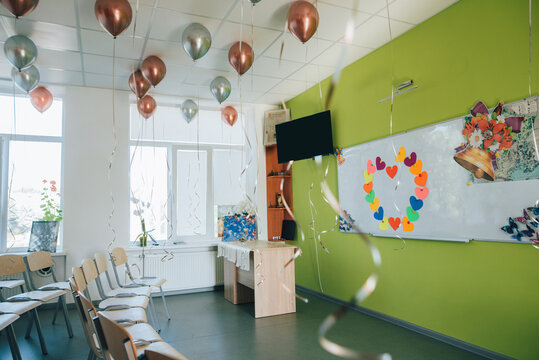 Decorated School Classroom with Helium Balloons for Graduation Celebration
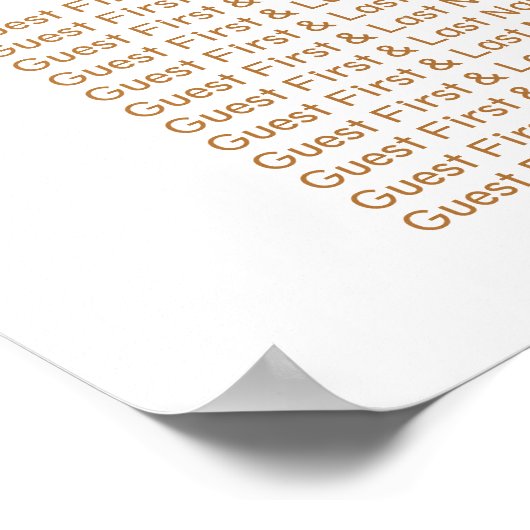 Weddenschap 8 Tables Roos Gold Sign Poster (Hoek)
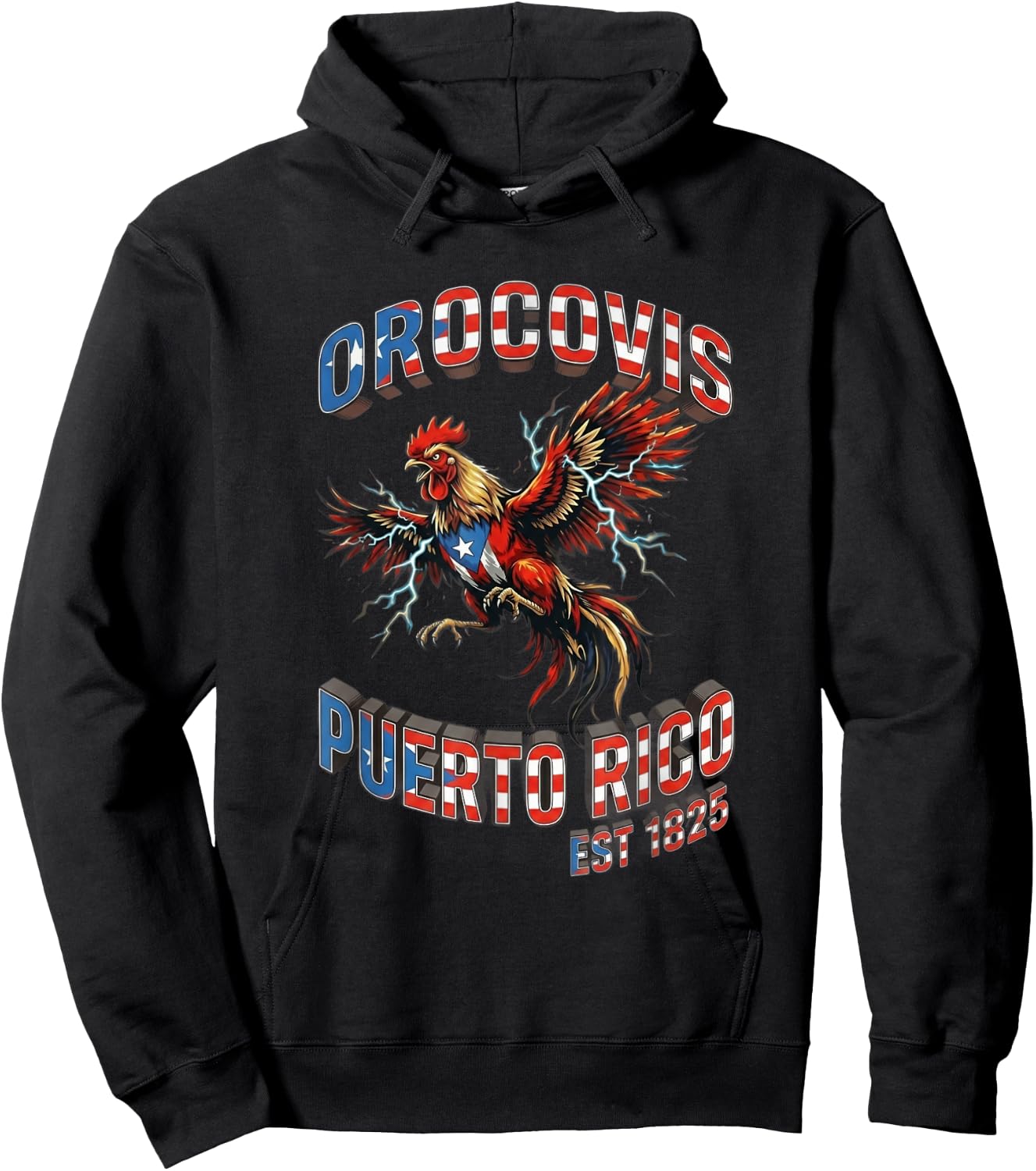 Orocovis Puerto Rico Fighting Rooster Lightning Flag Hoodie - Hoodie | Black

#### Exercise instructions:
Could you give back the full listing word for word, leaving out the images?

#### Response to this task:
 Decorated School Classroom with Helium Balloons for Graduation Celebration
 Weddenschap 8 Tables Roos Gold Sign Poster (Hoek)
 Orocovis Puerto Rico Fighting Rooster Lightning Flag Hoodie - Hoodie | Black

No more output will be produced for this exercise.